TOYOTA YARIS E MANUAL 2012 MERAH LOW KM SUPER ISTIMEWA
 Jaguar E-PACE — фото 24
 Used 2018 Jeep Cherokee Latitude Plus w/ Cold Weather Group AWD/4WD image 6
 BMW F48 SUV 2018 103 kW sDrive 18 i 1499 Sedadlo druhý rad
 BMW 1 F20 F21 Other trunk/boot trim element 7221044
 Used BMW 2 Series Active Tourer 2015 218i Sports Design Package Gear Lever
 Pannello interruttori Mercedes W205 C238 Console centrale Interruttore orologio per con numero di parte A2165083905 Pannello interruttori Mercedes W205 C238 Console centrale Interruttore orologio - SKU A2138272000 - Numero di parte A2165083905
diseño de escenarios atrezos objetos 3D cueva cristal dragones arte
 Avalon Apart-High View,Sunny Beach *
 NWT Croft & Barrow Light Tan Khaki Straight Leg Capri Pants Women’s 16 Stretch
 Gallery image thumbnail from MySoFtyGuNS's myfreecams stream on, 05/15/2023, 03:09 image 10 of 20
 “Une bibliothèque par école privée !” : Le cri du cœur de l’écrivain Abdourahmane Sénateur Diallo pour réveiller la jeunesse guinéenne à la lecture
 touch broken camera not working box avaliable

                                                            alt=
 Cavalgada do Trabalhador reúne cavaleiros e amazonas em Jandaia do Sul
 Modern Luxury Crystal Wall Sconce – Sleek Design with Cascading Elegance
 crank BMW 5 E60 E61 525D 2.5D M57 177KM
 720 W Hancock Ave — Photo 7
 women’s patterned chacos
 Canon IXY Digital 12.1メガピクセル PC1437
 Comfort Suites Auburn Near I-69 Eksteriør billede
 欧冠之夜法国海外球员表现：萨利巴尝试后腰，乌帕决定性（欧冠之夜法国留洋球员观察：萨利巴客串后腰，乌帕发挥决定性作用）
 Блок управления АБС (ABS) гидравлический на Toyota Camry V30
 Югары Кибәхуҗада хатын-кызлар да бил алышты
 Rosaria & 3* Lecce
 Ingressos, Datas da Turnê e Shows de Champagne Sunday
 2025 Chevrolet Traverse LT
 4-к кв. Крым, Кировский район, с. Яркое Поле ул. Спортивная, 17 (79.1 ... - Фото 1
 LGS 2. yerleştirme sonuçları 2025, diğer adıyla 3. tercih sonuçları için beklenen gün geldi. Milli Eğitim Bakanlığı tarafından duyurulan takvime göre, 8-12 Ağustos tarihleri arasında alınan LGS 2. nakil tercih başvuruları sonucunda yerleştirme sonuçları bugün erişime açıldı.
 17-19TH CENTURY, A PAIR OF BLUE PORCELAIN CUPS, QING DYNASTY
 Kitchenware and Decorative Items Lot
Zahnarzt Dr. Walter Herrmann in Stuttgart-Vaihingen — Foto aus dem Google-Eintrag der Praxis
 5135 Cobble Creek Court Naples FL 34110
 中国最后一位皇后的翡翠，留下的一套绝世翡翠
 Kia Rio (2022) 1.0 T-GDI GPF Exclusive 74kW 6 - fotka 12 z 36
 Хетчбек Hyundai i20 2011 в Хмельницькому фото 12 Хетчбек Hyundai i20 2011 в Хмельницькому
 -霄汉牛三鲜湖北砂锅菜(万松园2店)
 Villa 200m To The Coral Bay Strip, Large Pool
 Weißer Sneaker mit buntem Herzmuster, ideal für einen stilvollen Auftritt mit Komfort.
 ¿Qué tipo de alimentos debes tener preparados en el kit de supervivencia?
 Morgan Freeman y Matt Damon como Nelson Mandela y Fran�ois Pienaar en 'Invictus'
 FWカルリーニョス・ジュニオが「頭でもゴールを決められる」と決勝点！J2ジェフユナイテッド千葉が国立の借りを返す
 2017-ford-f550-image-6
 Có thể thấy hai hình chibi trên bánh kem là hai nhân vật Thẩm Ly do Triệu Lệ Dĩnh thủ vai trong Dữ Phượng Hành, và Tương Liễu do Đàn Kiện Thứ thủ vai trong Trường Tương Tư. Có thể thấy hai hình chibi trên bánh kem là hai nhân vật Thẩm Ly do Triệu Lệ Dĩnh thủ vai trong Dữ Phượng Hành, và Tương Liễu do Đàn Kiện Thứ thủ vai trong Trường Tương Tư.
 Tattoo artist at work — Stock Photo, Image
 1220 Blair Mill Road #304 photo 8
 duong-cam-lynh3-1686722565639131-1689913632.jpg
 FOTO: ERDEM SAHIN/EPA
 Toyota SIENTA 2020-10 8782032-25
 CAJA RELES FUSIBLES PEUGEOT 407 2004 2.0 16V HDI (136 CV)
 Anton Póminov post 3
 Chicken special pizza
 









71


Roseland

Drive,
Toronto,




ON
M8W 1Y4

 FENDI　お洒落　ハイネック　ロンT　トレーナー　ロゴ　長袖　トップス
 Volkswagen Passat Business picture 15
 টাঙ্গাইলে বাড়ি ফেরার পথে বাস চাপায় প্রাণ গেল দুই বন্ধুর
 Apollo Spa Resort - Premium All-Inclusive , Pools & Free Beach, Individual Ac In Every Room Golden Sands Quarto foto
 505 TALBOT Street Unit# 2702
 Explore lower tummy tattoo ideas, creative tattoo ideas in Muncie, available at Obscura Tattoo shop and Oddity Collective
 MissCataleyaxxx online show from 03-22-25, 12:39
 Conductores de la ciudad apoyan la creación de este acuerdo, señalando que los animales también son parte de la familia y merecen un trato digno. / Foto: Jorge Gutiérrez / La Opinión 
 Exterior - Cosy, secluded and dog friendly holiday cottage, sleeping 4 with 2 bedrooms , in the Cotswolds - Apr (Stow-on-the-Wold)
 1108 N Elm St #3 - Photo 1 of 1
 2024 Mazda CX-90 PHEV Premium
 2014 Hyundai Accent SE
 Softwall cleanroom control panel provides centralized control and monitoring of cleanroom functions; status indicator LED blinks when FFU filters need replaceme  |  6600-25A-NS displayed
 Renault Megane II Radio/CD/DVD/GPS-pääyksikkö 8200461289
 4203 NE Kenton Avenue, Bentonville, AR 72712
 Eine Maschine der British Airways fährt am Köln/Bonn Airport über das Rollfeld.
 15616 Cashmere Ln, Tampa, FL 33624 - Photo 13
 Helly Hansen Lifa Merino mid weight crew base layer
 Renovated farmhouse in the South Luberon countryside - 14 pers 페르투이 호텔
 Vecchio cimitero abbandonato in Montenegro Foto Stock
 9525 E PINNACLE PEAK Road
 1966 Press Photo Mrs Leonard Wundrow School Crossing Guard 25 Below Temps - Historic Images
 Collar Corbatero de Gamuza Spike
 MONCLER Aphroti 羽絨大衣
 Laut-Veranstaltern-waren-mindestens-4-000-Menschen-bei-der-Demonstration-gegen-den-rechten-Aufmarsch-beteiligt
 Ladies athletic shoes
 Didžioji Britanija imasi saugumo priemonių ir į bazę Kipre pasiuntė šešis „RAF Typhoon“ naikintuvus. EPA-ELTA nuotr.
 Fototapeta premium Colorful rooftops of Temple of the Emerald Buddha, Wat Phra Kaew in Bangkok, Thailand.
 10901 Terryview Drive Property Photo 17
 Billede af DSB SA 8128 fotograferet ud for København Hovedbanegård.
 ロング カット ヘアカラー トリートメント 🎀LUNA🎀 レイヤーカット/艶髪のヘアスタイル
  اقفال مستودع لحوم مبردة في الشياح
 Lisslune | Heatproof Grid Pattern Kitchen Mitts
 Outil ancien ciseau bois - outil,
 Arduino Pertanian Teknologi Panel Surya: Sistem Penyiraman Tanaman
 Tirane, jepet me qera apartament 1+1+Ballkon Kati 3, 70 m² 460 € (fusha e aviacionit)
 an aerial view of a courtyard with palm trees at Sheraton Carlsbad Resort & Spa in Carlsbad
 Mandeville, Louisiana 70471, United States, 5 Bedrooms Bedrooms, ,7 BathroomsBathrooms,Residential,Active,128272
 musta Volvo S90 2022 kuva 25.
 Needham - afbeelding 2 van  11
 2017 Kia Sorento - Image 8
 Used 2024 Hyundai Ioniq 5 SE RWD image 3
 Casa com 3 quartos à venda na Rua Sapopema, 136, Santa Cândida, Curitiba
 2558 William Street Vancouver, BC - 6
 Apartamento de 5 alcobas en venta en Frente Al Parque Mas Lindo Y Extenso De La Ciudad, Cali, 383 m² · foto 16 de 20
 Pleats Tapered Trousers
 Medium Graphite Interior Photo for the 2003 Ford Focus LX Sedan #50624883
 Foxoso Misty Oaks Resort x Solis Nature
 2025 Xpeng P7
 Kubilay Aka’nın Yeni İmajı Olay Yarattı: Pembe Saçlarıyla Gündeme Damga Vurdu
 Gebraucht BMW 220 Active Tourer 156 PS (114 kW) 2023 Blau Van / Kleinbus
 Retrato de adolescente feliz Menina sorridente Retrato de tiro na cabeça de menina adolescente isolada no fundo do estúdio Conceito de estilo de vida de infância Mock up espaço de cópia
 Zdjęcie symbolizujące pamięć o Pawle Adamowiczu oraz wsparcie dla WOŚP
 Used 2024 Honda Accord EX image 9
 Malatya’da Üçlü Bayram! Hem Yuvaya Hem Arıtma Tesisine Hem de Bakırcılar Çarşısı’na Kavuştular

- Exercise brief
In the entries above, the lines from the one bearing "টাঙ্গাইলে বাড়ি ফেরার" up to and including the one bearing "MONCLER Aphroti 羽絨大衣" should be transcribed exactly; no other line is wanted.

- Written response
 টাঙ্গাইলে বাড়ি ফেরার পথে বাস চাপায় প্রাণ গেল দুই বন্ধুর
 Apollo Spa Resort - Premium All-Inclusive , Pools & Free Beach, Individual Ac In Every Room Golden Sands Quarto foto
 505 TALBOT Street Unit# 2702
 Explore lower tummy tattoo ideas, creative tattoo ideas in Muncie, available at Obscura Tattoo shop and Oddity Collective
 MissCataleyaxxx online show from 03-22-25, 12:39
 Conductores de la ciudad apoyan la creación de este acuerdo, señalando que los animales también son parte de la familia y merecen un trato digno. / Foto: Jorge Gutiérrez / La Opinión 
 Exterior - Cosy, secluded and dog friendly holiday cottage, sleeping 4 with 2 bedrooms , in the Cotswolds - Apr (Stow-on-the-Wold)
 1108 N Elm St #3 - Photo 1 of 1
 2024 Mazda CX-90 PHEV Premium
 2014 Hyundai Accent SE
 Softwall cleanroom control panel provides centralized control and monitoring of cleanroom functions; status indicator LED blinks when FFU filters need replaceme  |  6600-25A-NS displayed
 Renault Megane II Radio/CD/DVD/GPS-pääyksikkö 8200461289
 4203 NE Kenton Avenue, Bentonville, AR 72712
 Eine Maschine der British Airways fährt am Köln/Bonn Airport über das Rollfeld.
 15616 Cashmere Ln, Tampa, FL 33624 - Photo 13
 Helly Hansen Lifa Merino mid weight crew base layer
 Renovated farmhouse in the South Luberon countryside - 14 pers 페르투이 호텔
 Vecchio cimitero abbandonato in Montenegro Foto Stock
 9525 E PINNACLE PEAK Road
 1966 Press Photo Mrs Leonard Wundrow School Crossing Guard 25 Below Temps - Historic Images
 Collar Corbatero de Gamuza Spike
 MONCLER Aphroti 羽絨大衣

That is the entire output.